We have said it before, and we will say it again, the accessorial liability provisions in the Fair Work Act 2009 (Cth) (Act) have broad reaching implications on a range of persons including company directors, human resources personnel, payroll officers and external advisers (such as accountants and payroll providers).
What you need to know
- An external accountancy firm was recently found to have been ‘involved in’ its client’s contraventions of the Act and was consequently ordered to pay a pecuniary penalty of $51,330.
- For a refresher on the accessorial liability provisions of the Act, see our July 2017 article, ‘Could you be found accessorily liable under the Fair Work Act 2009 (Cth)?‘
In the article we referenced a decision of the Federal Circuit Court in Fair Work Ombudsman (FWO) v Blue Impression Pty Ltd & Ors  FCCA 810 in which an external accountancy firm was found accessorily liable in relation to underpayments made by the employer.
The employer in that decision, Blue Impression Pty Ltd (Employer), operated a Japanese fast food chain. The external accountancy firm, Ezy Accounting 123 Pty Ltd (Ezy), provided payroll services to the Employer.
The Employer was found to have underpaid two of its 417 visa workers a total of $9,549 and was ordered to pay a penalty of $115,706.
Ezy was found to have been ‘involved in’ the Employer’s contraventions for the purposes of section 550 of the FW Act as:
- it was aware of the relevant minimum award rates as it had assisted the Employer in calculating and rectifying underpayments that had been identified by the FWO during a 2014 audit;
- despite being aware that the Employer’s pay rates were incorrect, it failed to alter the hourly rates in the Employer’s MYOB system over which it had control; and
- despite recommending that the Employer comply with an audit finding letter sent by the FWO, it did not ensure that the pay rates that had been provided to it for use in the MYOB system had been updated.

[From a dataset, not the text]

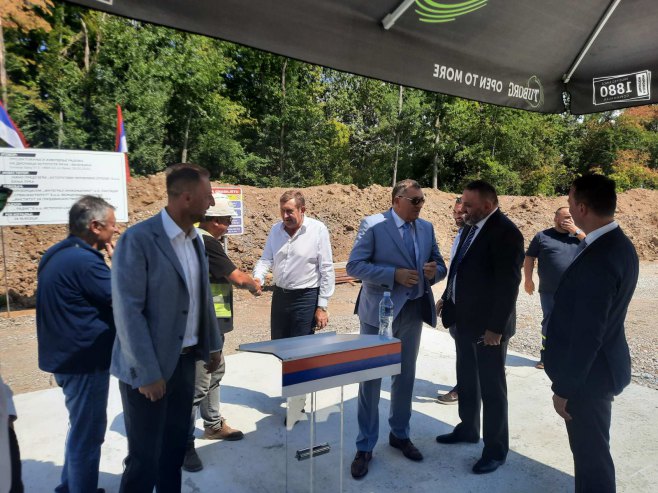 DODIK, ĆORIĆ I MITROVIĆ U BIJELJINI Posjetili gradilište auto-puta Bijeljina-Rača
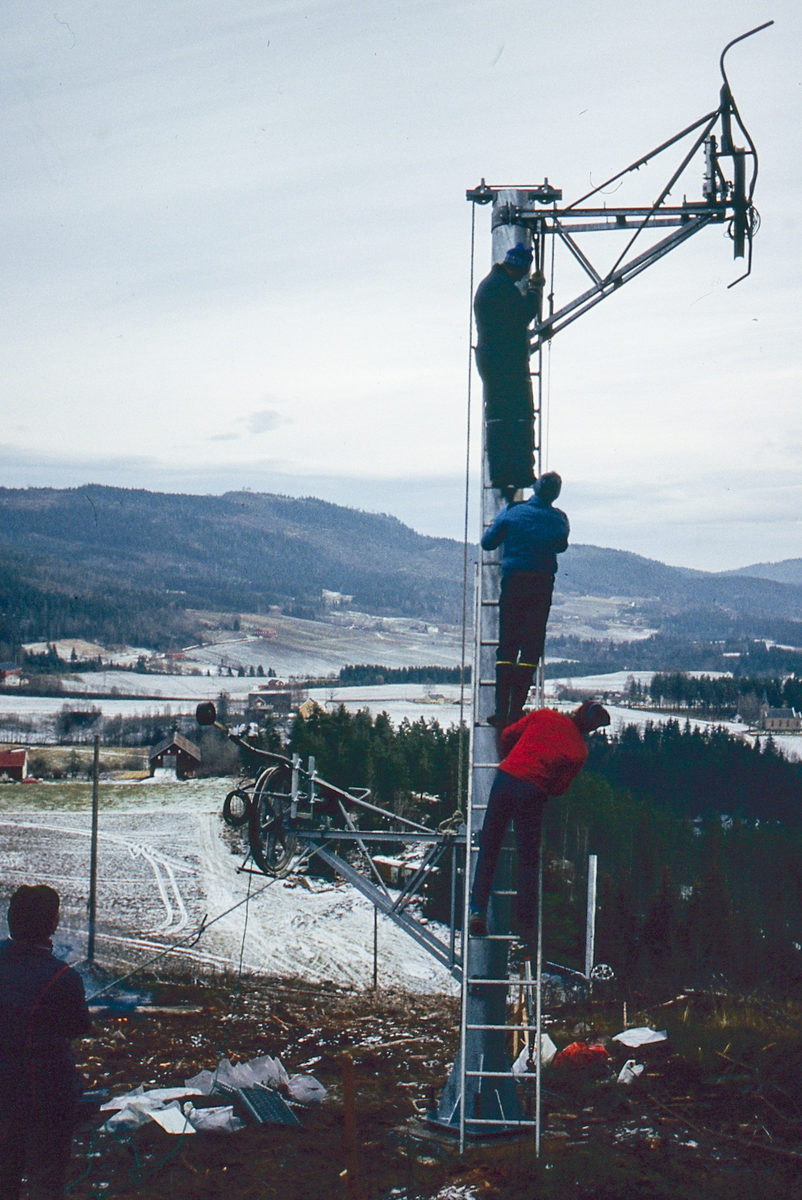 Dugnad, montering av skiheis i Bergerbakken, ca. 1980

The primary Judge likened Ezy’s conduct to ‘wilful blindness’ and Ezy was ordered to pay a pecuniary penalty of $53,880.
EZY appealed the primary Judge’s decision to the Full Federal Court.
The Full Federal Court recently handed down its decision in which it:
- dismissed Ezy’s appeal;
- agreed with the primary judge’s findings that Ezy was ‘involved in’ the Employer’s contraventions; and
- reduced the penalty to $51,330 on the basis that the court had not provided reasons for a couple of the alleged contraventions.
The above decisions demonstrate that external advisors can be prosecuted for contraventions made by clients that they are advising.
As such, external advisers should mitigate the risk of being found to be an accessory. It is important to note that, on its own, not participating in any contravention will not be enough. External advisers should also take proactive steps to prevent (or at least recommend against) contraventions of the Act. This may include:
- being equipped with the knowledge of the Act and other relevant laws in order to ensure compliance;
- taking steps to advise and/or recommend (in writing) against a particular action or practice if it will contravene the Act;
- if the employer continues to engage in the particular action or practice that contravenes the Act:
- obtaining external legal advice as to available options and potential liability in the circumstances; and/or
- severing the contractual relationship with the employer altogether.
The accessorial liability provisions of the Act have broad reaching implications on a range of persons and companies including external advisers. If you require assistance in understanding your obligations, it is important to seek advice in order to place yourself in a good defensible position in relation to any potential liability.